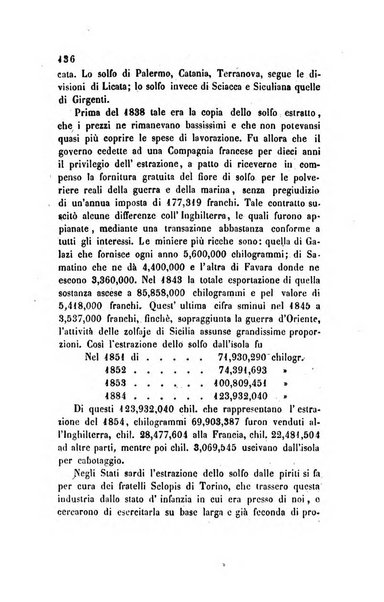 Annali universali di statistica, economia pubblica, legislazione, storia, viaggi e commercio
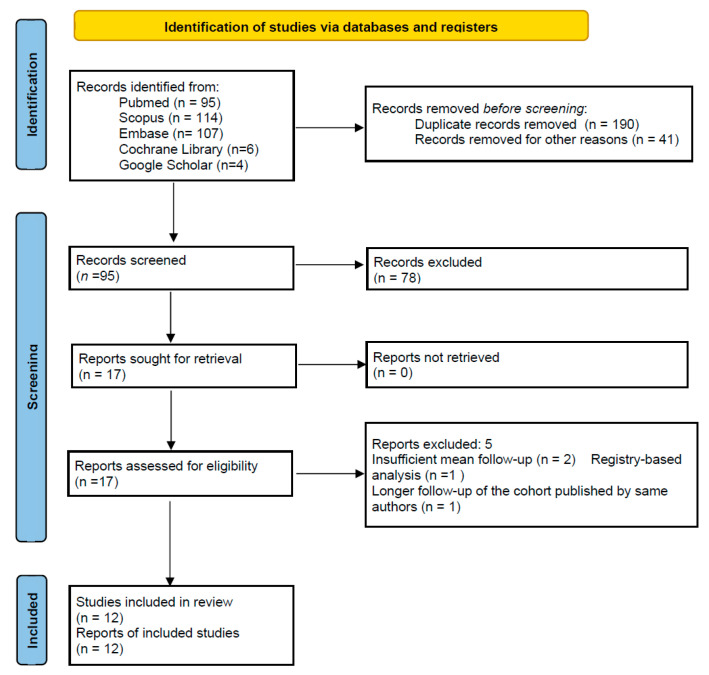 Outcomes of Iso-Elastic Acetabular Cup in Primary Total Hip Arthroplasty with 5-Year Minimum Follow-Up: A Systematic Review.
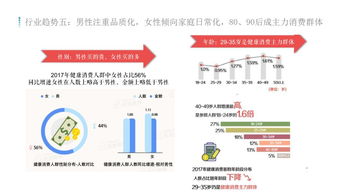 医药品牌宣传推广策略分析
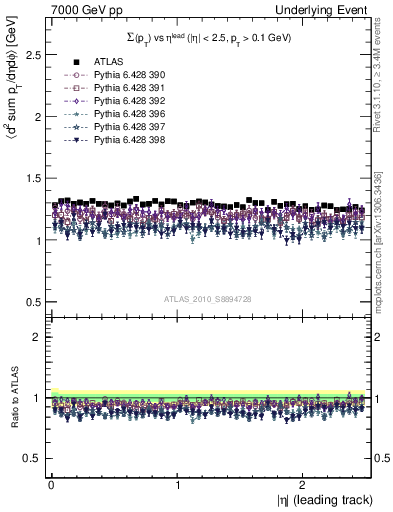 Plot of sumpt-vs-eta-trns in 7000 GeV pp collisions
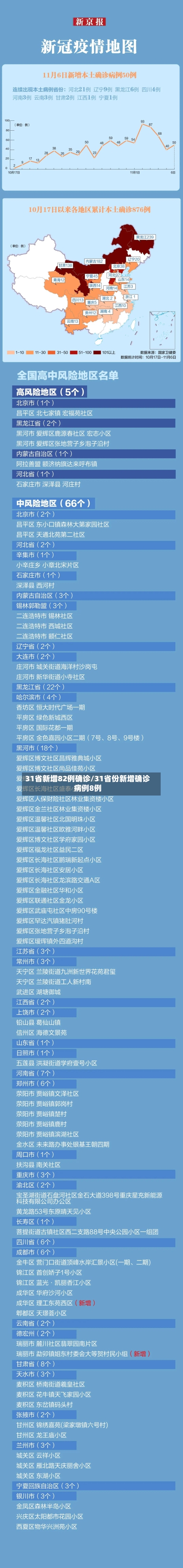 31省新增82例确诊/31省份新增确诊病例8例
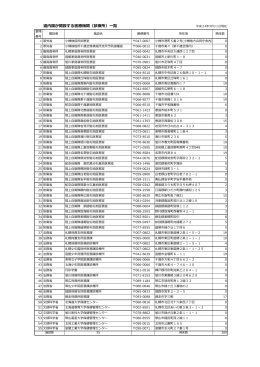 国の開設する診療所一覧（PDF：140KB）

☆ ☆ ☆ ☆ ☆

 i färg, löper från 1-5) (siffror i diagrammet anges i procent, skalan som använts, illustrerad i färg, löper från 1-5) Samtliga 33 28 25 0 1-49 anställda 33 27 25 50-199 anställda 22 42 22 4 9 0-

☆ ☆ ☆ ☆ ☆

**Exercise goal:** An exact copy is needed of the stretch above that opens with the line containing "医药品牌宣传推广策略分析" and closes with the line containing "国の開設する診療所一覧（PDF：140KB）"; the pictures are not part of it.

**Solution to this task:**
 医药品牌宣传推广策略分析
 Plot of sumpt-vs-eta-trns in 7000 GeV pp collisions
 31省新增82例确诊/31省份新增确诊病例8例
 国の開設する診療所一覧（PDF：140KB）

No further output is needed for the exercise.